Minimal residual disease assay: Definition, Uses, and Clinical Overview

Minimal residual disease assay Introduction (What it is)

A Minimal residual disease assay is a test used to look for tiny amounts of cancer cells that can remain after treatment.
It is most commonly discussed in blood cancers, where it can detect disease that is not visible under a microscope.
Depending on the cancer and the assay type, it may use blood, bone marrow, or other samples.
Clinicians use it to better understand response to therapy and risk of relapse over time.

Why Minimal residual disease assay used (Purpose / benefits)

Cancer care often depends on measuring how much disease is present before, during, and after treatment. Traditional methods—such as examining cells under a microscope (morphology), imaging scans, or standard lab tests—can be very useful, but they may not detect very small amounts of remaining cancer. This is the problem Minimal residual disease assay is designed to address: identifying “residual” (leftover) disease at levels that can be below routine detection.

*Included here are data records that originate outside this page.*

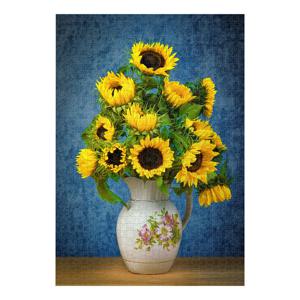 명화 풍경 직소퍼즐 1000피스 해바라기 화병II PG1024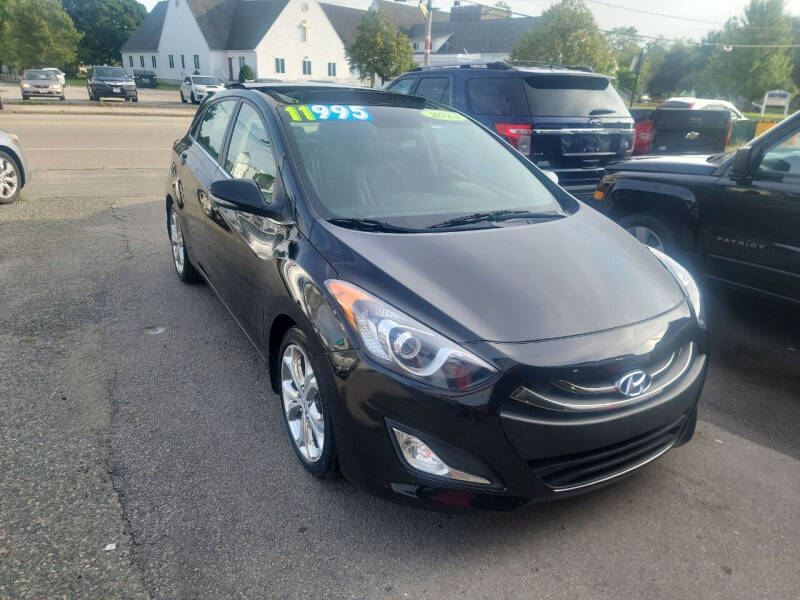 2013 Hyundai Elantra GT for sale at TC Auto Repair and Sales Inc in Abington MA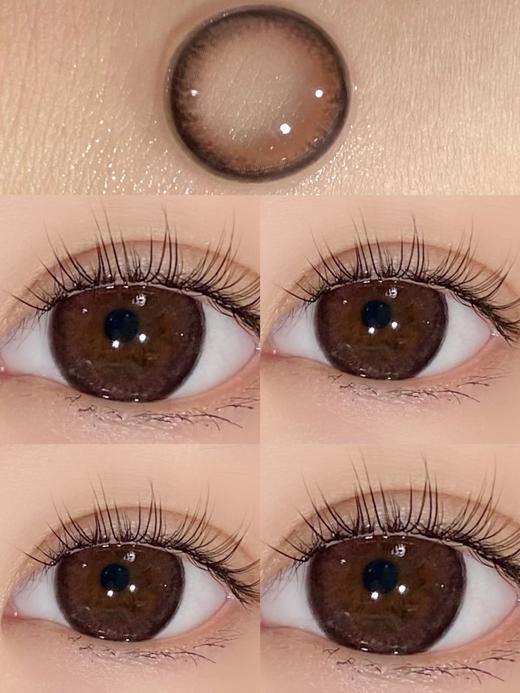 贵妇年抛Winni·Hebe巧·14.5mm中大着色·韩产2片 商品图2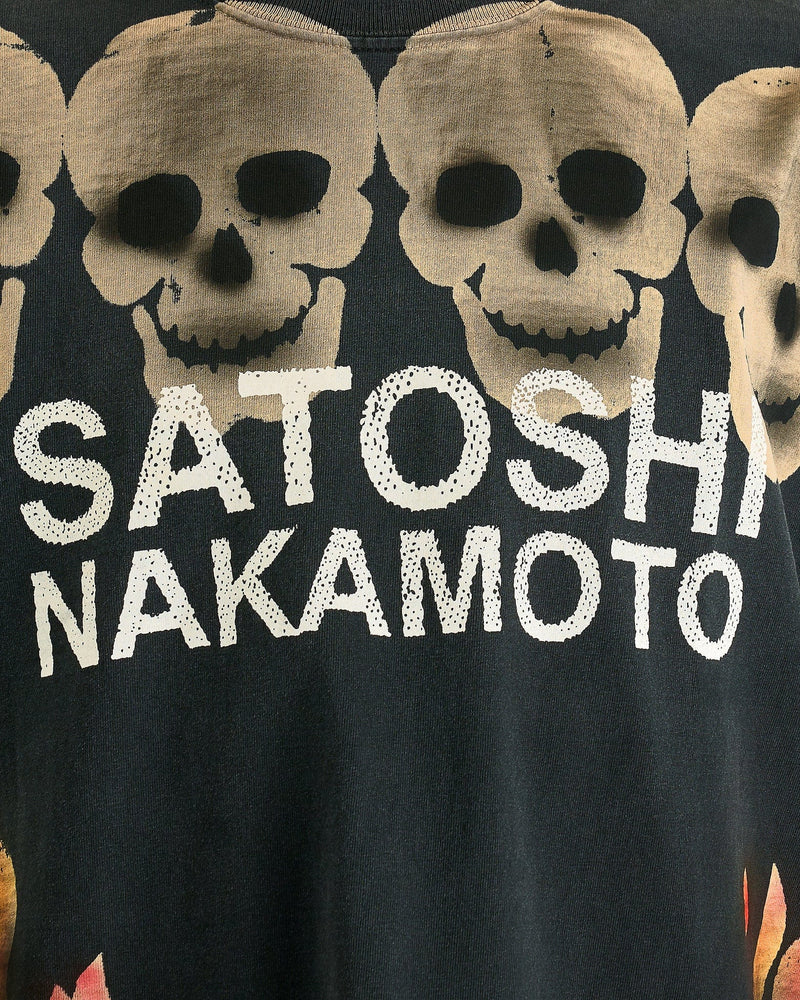 Satoshi Nakamoto Men's T-Shirts Lost Boys Tee in Black
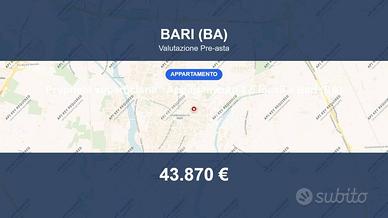 Immobile in asta di 67 m² a Bari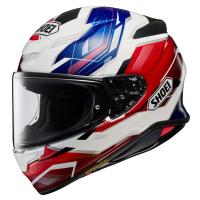 Shoei Шлем NXR 2 Capriccio бело-сине-красно-черный в Воронеже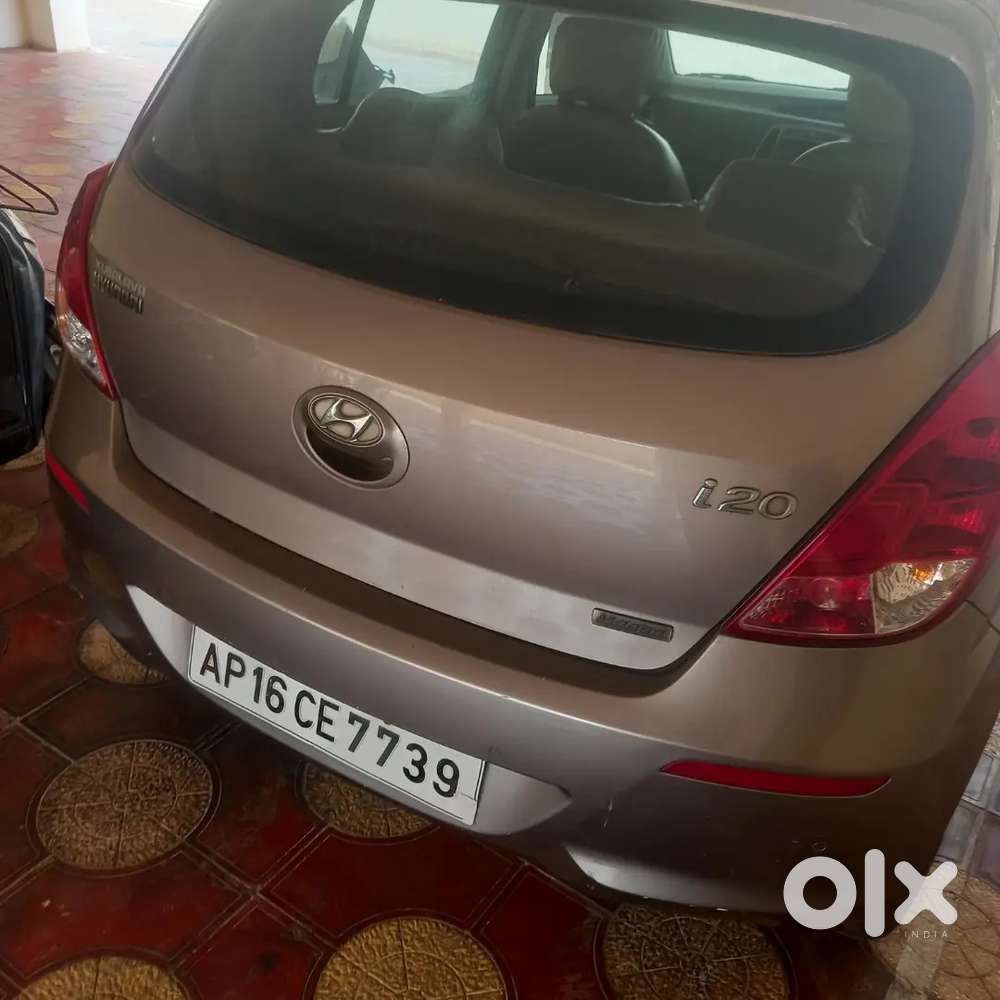 Hyundai I20 2012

In many hematologic malignancies (blood cancers), response categories like complete remission may be based on the absence of detectable cancer by standard criteria. However, remission does not always mean every cancer cell is gone. A Minimal residual disease assay can add an additional layer of information by detecting low-level disease that might be associated with a higher likelihood of recurrence in some settings, or by confirming deeper responses in others.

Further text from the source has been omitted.